I sometimes used to joke with John in those days that he had completely missed his calling. I told him I felt that he would have made an amazing politician. I remember him telling me at one point, “nah, I couldn’t lie that good.” Maybe not, but I still feel he was the kind of person that could convince bitterest enemies to lay down arms and embrace. He was just that kind of person.
Can a person miss someone they haven’t seen in nearly 10 years? The answer is undoubtedly, yes. I found out John had passed while I was at work. That’s a funny story in itself. Those that knew me back in the day are likely to laugh their heads off or scream when they read that I have become a police officer in Connecticut. I think I can attribute part of that to John as well, for some of the gifts that he showed me.

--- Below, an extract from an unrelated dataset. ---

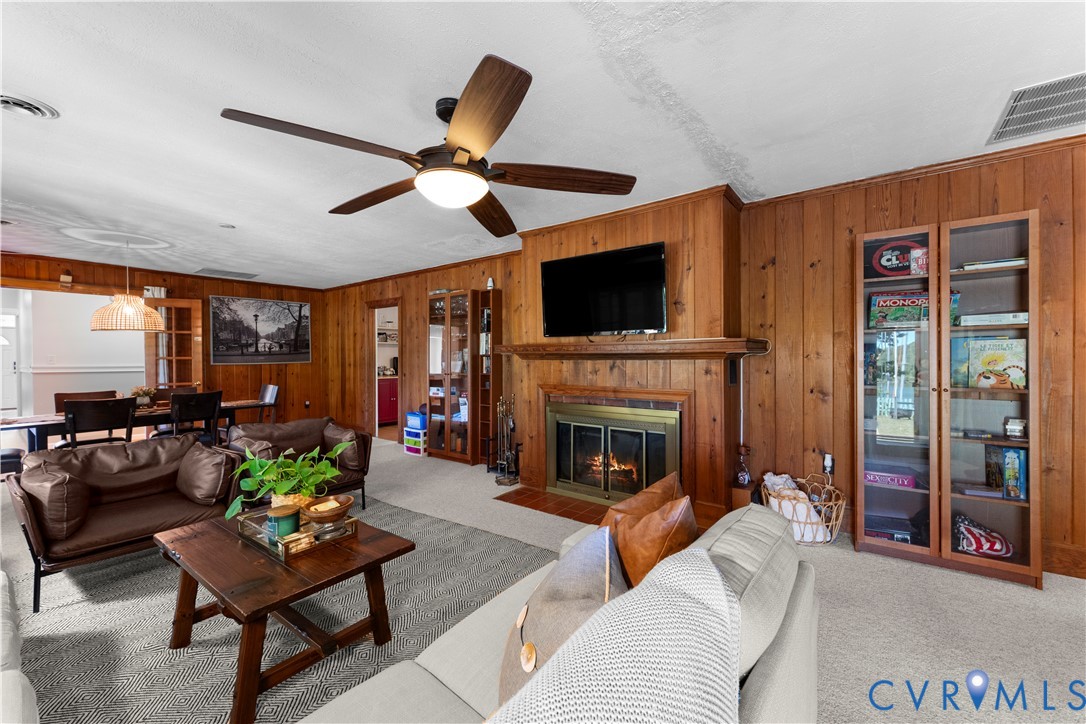 437 Plainview Road Kinsale, VA 22488 - Photo 35 of 63 a living room with furniture a fireplace and a flat screen tv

While at work, I couldn’t write at all. In my job, I have to work through everything, but when you sit down to write, everything comes into your head. (just like this post that seems to go on forever). I simply could not focus on my reports, I kept thinking of John. Thinking about writing with him, about having wanted to see him and others many times over the last few years, about wanting to hear his voice and be there with him. And now, I will not see him again until I get the same call home.
I actually think that John had a hand, unbeknownst to him, of my becoming an officer. John demonstrated what it was like to be able to create something from chaos. How to make something that was bad into something good. John was always able to make arguing people come to some agreement. John taught me that using a little patience with people really went a very long way in getting them to agree, and to eventually do the right thing. Without those skills, I couldn’t do what I do. It may not have been John that gave me those skills, but seeing him actually use them for me to see, made it so I knew it could be done. He was a natural born leader.
Now, Colleen, if you have made it this far….
I almost cried when I read your post from Thursday morning. I cannot imagine what you are going through at this point. The only thing I can say is to allow yourself to cry. It really does help. Remember John for the man he has always been, and always will be in your heart. When the time comes, celebrate his life. I remember times when John was sad, but I have far more memories of his smiles, and his laugh. I remember how that laugh could fill a room filled with a hundred people! Take the time, close your eyes, and think about that laugh. I am now, and it even now, after not seeing him for so long, fills my heart. Know that you have friends that will come from everywhere to help you through this. Even those you may have forgotten about.
May you rest in peace John. Know that the world is that much dimmer from your passing. You will be forever missed.